L'utilizzo degli STRUBIAS in agricoltura deve essere inoltre conforme a quanto indicato nelle normative relative all'uso e alla gestione dei nutrienti nelle colture e negli allevamenti (Politica Agraria Comunitaria, PAC), alla biodiversità (Direttiva Habitat 92/43/CEE, e 82/ EEC/EEC), al contenimento dell'inquinamento delle acque (Direttiva Acque 200/60/EC).
L'inserimento nel mercato degli STRUBIAS: quale approccio?
Come già introdotto, l'interesse per i materiali come struvite, biochar e ceneri fanno parte di un progetto più ampio di ricerca di materiali di recupero e di riciclo ricchi in fosfato, al fine di ridurre la dipendenza dalle rocce fosfatiche e implementare i dettami dell'economia circolare.
Attualmente i fertilizzanti fosfatici minerali e i letami sono le fonti di fosforo dominanti il mercato agricolo europeo. Quantità esigue di questo elemento (minori all'1%) sono apportate negli agrosistemi da compost e digestati. L'uso di fosfati come fertilizzante su scala globale ammonta a più del 85% della domanda e, all'interno della comunità europea, il consumo è garantito dalle importazioni, considerando che la produzione interna può soddisfare solo il 8-14% della domanda.

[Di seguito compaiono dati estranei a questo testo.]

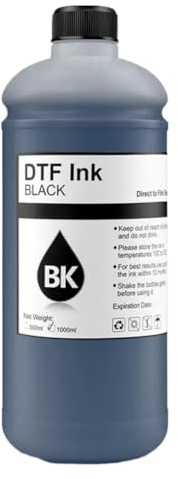 ForgediY Película de Transferencia Directa de Tinta DTF de 1000 ML, película Pet de Transferencia de Calor, Calidad ordinaria, Compatible con de I3200 P800 L1800 1390 L800 L805 1430 3880(Black)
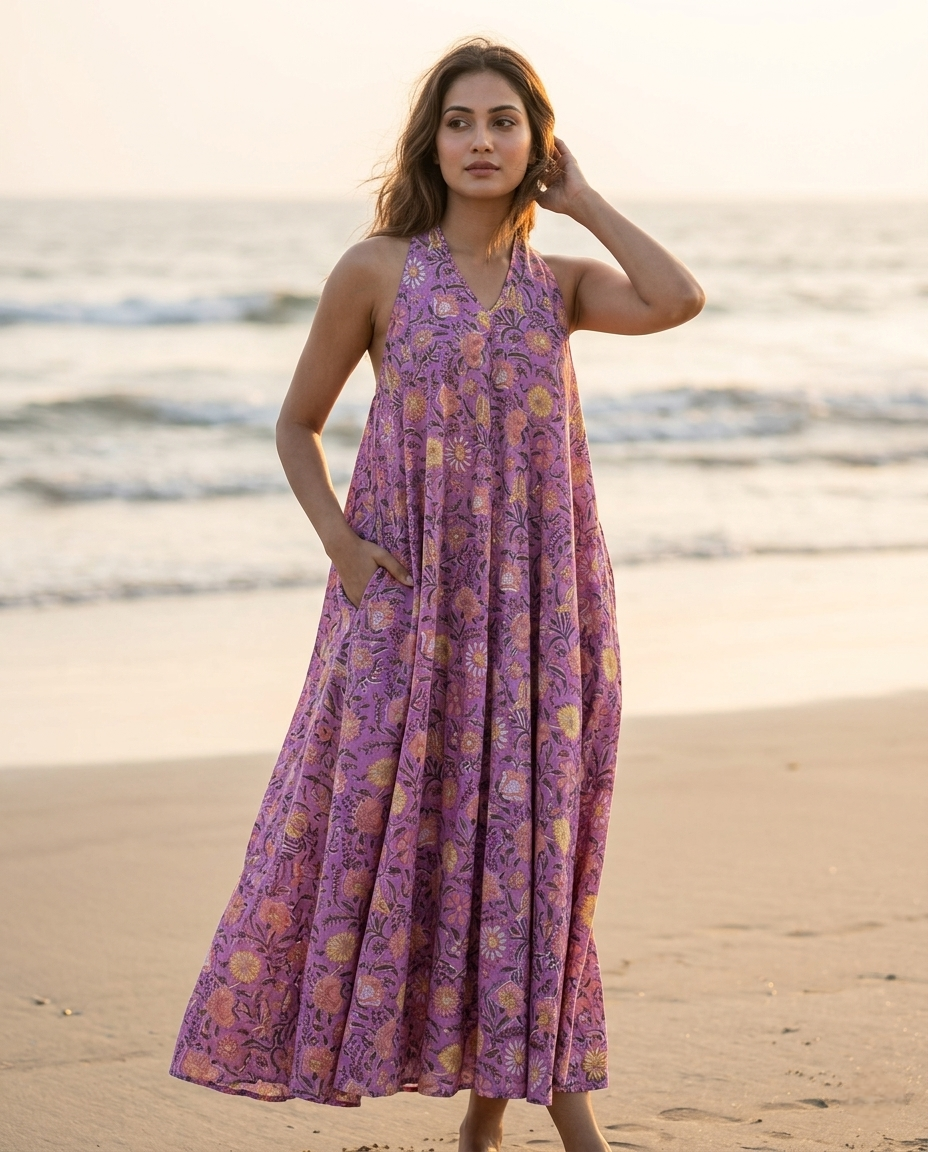 RUBY SHORE HALTER PURPLE COTTON DRESS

Non bisogna dimenticare che molti composti fosfatici sono incorporati in miscele per concimi minerali NPK tradizionali (55%). Gli aspetti economici legati agli STRUBIAS evidenziano una situazione da studiare con attenzione: con il recupero di nutrienti dai rifiuti, dagli scarti e dai sottoprodotti dell'industria zootecnica e agroalimentare, diventa fondamentale stabilire regole e criteri che possano limitare il dilavamento dei nutrienti nei suoli e ridurre la pressione sulle materie prime vergini, coerentemente con i principi dell'economia circolare. Alcuni di questi materiali svolgono entrambe le funzioni appena citate e questo giustifica la valutazione di alcune esternalità in grado di esercitare un ruolo cruciale nell'analisi del mercato futuro.
L'inclusione degli STRUBIAS nella normativa sui fertilizzanti vede dei rischi legati soprattutto ai processi produttivi e all'utilizzo di rifiuti come materia prima.
Di conseguenza, la normativa si sta orientando verso il duplice obiettivo di garantire un profitto ai produttori che riutilizzano gli scarti di produzione e allo stesso tempo di limitare i tentativi di mascherare i rifiuti con concimi CE, punto chiave nella strategia di inclusione di questi nuovi prodotti nel regolamento.